I feel used

Discussion in 'Family, Friends and Relationships' started by Sakurose, Sep 25, 2010.

  1. Sakurose

    Sakurose New Member

    Pretty much the reason why I joined this site is because I need someone to talk to. I have no friends because I moved schools and now I'm alone. My boyfriend was at my new school, and I clung to him a lot. He'd been my best friend for 2 years, and my boyfriend for 6months.

    He broke up with me last night, and told me I was too clingy and always wanted to argue with him.. He said I'd changed personality wise and that he didn't love me for who I was any more. I have a lot going on in my life, and for some reason him breaking up with me bought back the suicidal feelings all over again. When I get sad I remember all the little things, and collectively they just make me want to not exist.

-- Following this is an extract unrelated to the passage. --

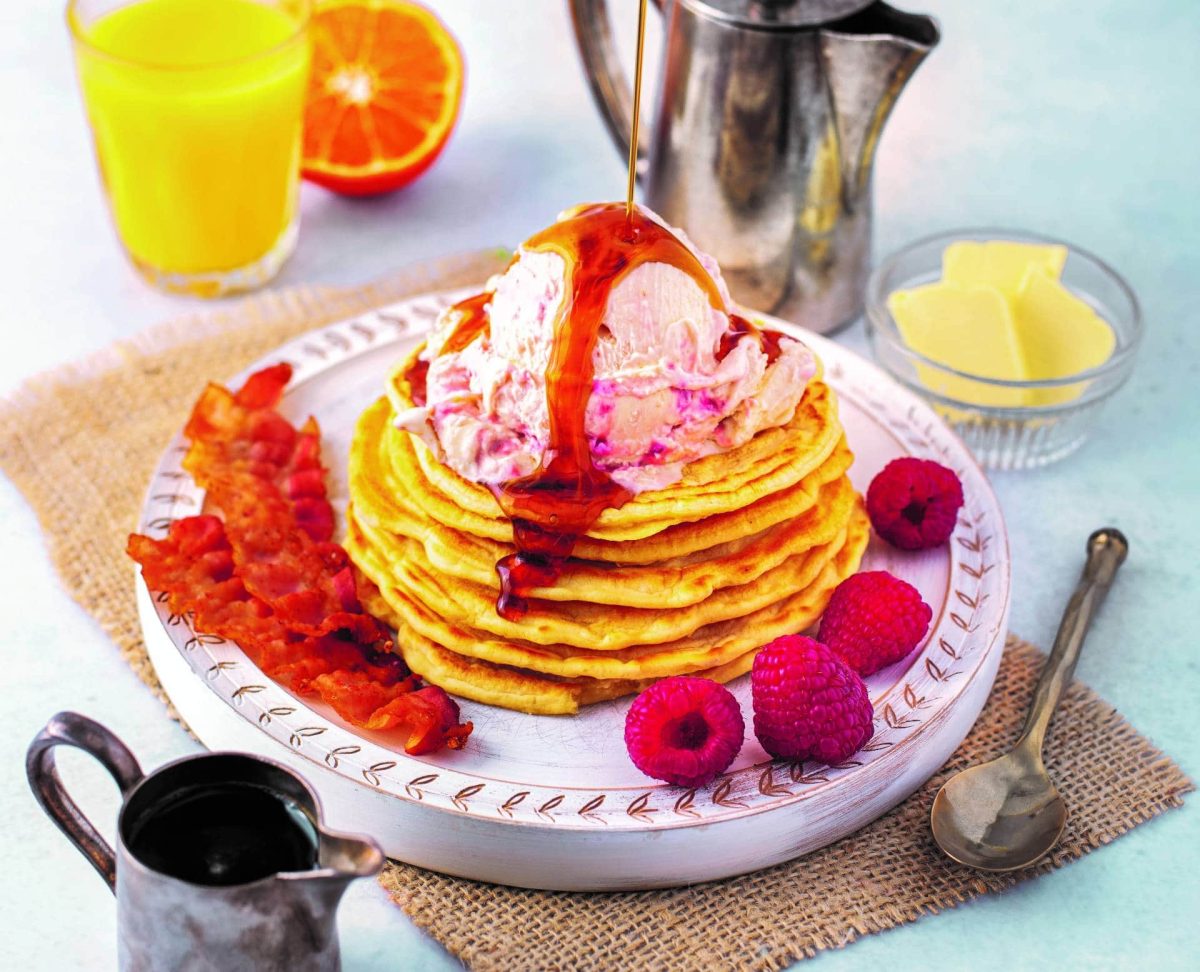 Ein Pancake-Turm mit American Breakfast Eis aus dem Kochbuch "Eis aus dem Wunderland", daneben frische Himbeeren und gebratener Speck, außerdem ein Glas O-Saft, Kännchen und ein Löffel.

    I've kept a diary over the past year, and it only makes it worse to read it back, before him all the pages say are "lonely" "worthless" and things like that, and when I was with him I seemed so happy. He really did make my world brighter. He said he'd waited a month to see if things would get better, but the problem is he never told me I was annoying him - I even asked him because I could feel myself being a burden. It just doesn't seem fair. I asked him if I tried to change, would he give me a second chance, but he never replied, and I won't see him face to face until Monday, but I know I'm not strong enough to look at him without crying.

    I don't get how he could love me when I was depressed, and the moment I start to feel human again he breaks up with me. I thought you were supposed to support happiness.

    I cried all of last night, and I feel so used and broken, more so than before. I don't know what to do, part of me wants to end it all, but something won't let me this time.

    I tried to commit suicide a year ago, I would have done it, but my mum ran in and started yelling at me and pulled me back. I feel like I can't talk to my parents about how I feel, because they'll say exactly what they always say "Suicide is for cowards," "It's a phase everyone goes through." They didn't notice my absence last night, and part of me believes it'd take about a week for them to notice I was missing.

    Now I can't stop these thoughts, I don't think I'll ever find someone that made me feel as beautiful as he did.

    Advice would be lovely, but if not, thank you for reading :unsure:
     
  2. stig

    stig Well-Known Member

    Hi sakurose, You are not a worthless person. you have a lot to live for. You sound like me. I felt that i needed someone to love me for me to feel good. That is not the case flower. you need to love you. You know yourself that suicide is not for cowards. you know how hard it is to try and take your own life. you have strength in you. you need to try and focus that strength. don't worry about your boyfriend, worry about you first. Have you spoken to your doctor about how you feel? are you on any meds? stay strong, stay safe.